Please cite our work if you find it useful in your research:

@article{izmailov2021bayesian,
  title={What Are Bayesian Neural Network Posteriors Really Like?},
  author={Izmailov, Pavel and Vikram, Sharad and Hoffman, Matthew D and Wilson, Andrew Gordon},
  journal={arXiv preprint arXiv:2104.14421},
  year={2021}
}

Requirements

We use provide a requirements.txt file that can be used to create a conda environment to run the code in this repo:

conda create --name <env> --file requirements.txt

Example set-up using pip:

pip install tensorflow

pip install --upgrade pip
pip install --upgrade jax jaxlib==0.1.65+cuda112 -f \
https://storage.googleapis.com/jax-releases/jax_releases.html

pip install git+https://github.com/deepmind/dm-haiku
pip install tensorflow_datasets
pip install tabulate
pip install optax

Please see the JAX repo for the latest instructions on how to install JAX on your hardware.

File Structure

.
+-- core/
|   +-- hmc.py (The Hamiltonian Monte Carlo algorithm)
|   +-- sgmcmc.py (SGMCMC methods as optax optimizers)
|   +-- vi.py (Mean field variational inference)
+-- utils/ (Utility functions used by the training scripts)
|   +-- train_utils.py (The training epochs and update rules)
|   +-- models.py (Models used in the experiments)
|   +-- losses.py (Prior and likelihood functions)
|   +-- data_utils.py (Loading and pre-processing the data)
|   +-- optim_utils.py (Optimizers and learning rate schedules)
|   +-- ensemble_utils.py (Implementation of ensembling of predictions)
|   +-- metrics.py (Metrics used in evaluation)
|   +-- cmd_args_utils.py (Common command line arguments)
|   +-- script_utils.py (Common functionality of the training scripts)
|   +-- checkpoint_utils.py (Saving and loading checkpoints)
|   +-- logging_utils.py (Utilities for logging printing the results)
|   +-- precision_utils.py (Controlling the numerical precision)
|   +-- tree_utils.py (Common operations on pytree objects)
+-- run_hmc.py (HMC training script)
+-- run_sgd.py (SGD training script)
+-- run_sgmcmc.py (SGMCMC training script)
+-- run_vi.py (MFVI training script)
+-- make_posterior_surface_plot.py (script to visualize posterior density)

Training Scripts

Common command line arguments:

  • seed — random seed
  • dir — training directory for saving the checkpoints and tensorboard logs
  • dataset_name — name of the dataset, e.g. cifar10, cifar100, imdb; for the UCI datasets, the name is specified as <UCI dataset name>_<random seed>, e.g. yacht_2, where the seed determines the train-test split
  • subset_train_to — number of datapoints to use from the dataset; by default, the full dataset is used
  • model_name — name of the neural network architecture, e.g. lenet, resnet20_frn_swish, cnn_lstm, mlp_regression_small
  • weight_decay — weight decay; for Bayesian methods, weight decay determines the prior variance (prior_var = 1 / weight_decay)
  • temperature — posterior temperature (default: 1)
  • init_checkpoint — path to the checkpoint to use for initialization (optional)
  • tabulate_freq — frequency of tabulate table header logging
  • use_float64 — use float64 precision (does not work on TPUs and some GPUs); by default, we use float32 precision

Running HMC

To run HMC, you can use the run_hmc.py training script.

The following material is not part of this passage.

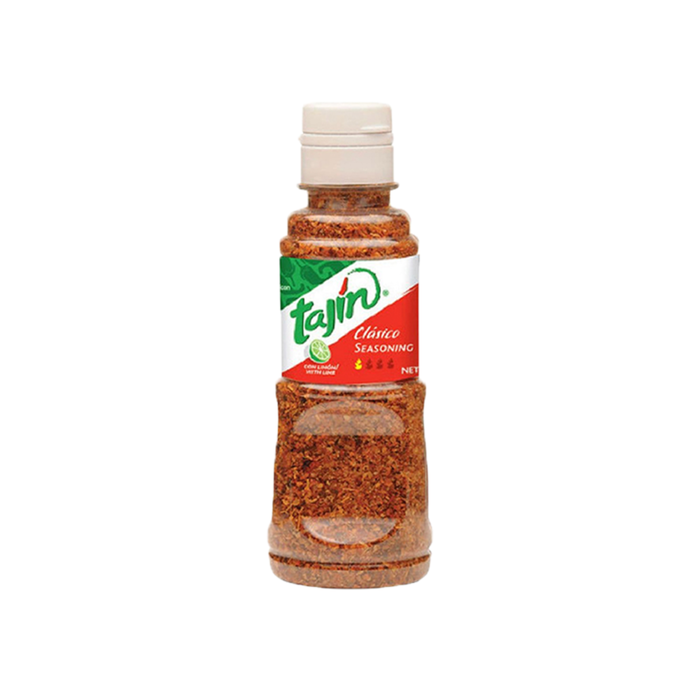 Tajin Chili Powder 45GR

Arguments:

  • step_size — HMC step size
  • trajectory_len — HMC trajectory length
  • num_iterations — Total number of HMC iterations
  • max_num_leapfrog_steps — Maximum number of leapfrog steps allowed; meant as a sanity check and should be greater than trajectory_len / step_size
  • num_burn_in_iterations — Number of burn-in iterations (default: 0)

Examples

CNN-LSTM on IMDB:

# Temperature = 1
python3 run_hmc.py --seed=1 --weight_decay=40. --temperature=1. \
  --dir=runs/hmc/imdb/ --dataset_name=imdb --model_name=cnn_lstm \
  --use_float64 --step_size=1e-5 --trajectory_len=0.24 \
  --max_num_leapfrog_steps=30000

# Temperature = 0.3
python3 run_hmc.py --seed=1 --weight_decay=40. --temperature=0.3 \
  --dir=runs/hmc/imdb/ --dataset_name=imdb --model_name=cnn_lstm \
  --use_float64 --step_size=3e-6 --trajectory_len=0.136 \
  --max_num_leapfrog_steps=46000

# Temperature = 0.1
python3 run_hmc.py --seed=1 --weight_decay=40. --temperature=0.1 \
  --dir=runs/hmc/imdb/ --dataset_name=imdb --model_name=cnn_lstm \
  --use_float64 --step_size=1e-6 --trajectory_len=0.078 \
  --max_num_leapfrog_steps=90000

# Temperature = 0.03
python3 run_hmc.py --seed=1 --weight_decay=40. --temperature=0.03  \
  --dir=runs/hmc/imdb/ --dataset_name=imdb --model_name=cnn_lstm \
  --use_float64 --step_size=1e-6 --trajectory_len=0.043 \
  --max_num_leapfrog_steps=45000

We ran these commands on a machine with 8 NVIDIA Tesla V-100 GPUs.

MLP on a subset of 160 datapoints from MNIST:

python3 run_hmc.py --seed=0 --weight_decay=1. --temperature=1. \
  --dir=runs/hmc/mnist_subset160 --dataset_name=mnist \
  --model_name=mlp_classification --step_size=3.e-5 --trajectory_len=1.5 \
  --num_iterations=100 --max_num_leapfrog_steps=50000 \
  --num_burn_in_iterations=10 --subset_train_to=160

This script can be ran on a single GPU.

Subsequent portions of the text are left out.